Exercise objective:
Each line below must be printed again exactly.

Exercise data:

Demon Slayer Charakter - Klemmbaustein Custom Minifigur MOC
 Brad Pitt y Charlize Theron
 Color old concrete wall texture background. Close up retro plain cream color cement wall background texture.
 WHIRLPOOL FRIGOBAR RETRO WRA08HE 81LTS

Task result:
Demon Slayer Charakter - Klemmbaustein Custom Minifigur MOC
 Brad Pitt y Charlize Theron
 Color old concrete wall texture background. Close up retro plain cream color cement wall background texture.
 WHIRLPOOL FRIGOBAR RETRO WRA08HE 81LTS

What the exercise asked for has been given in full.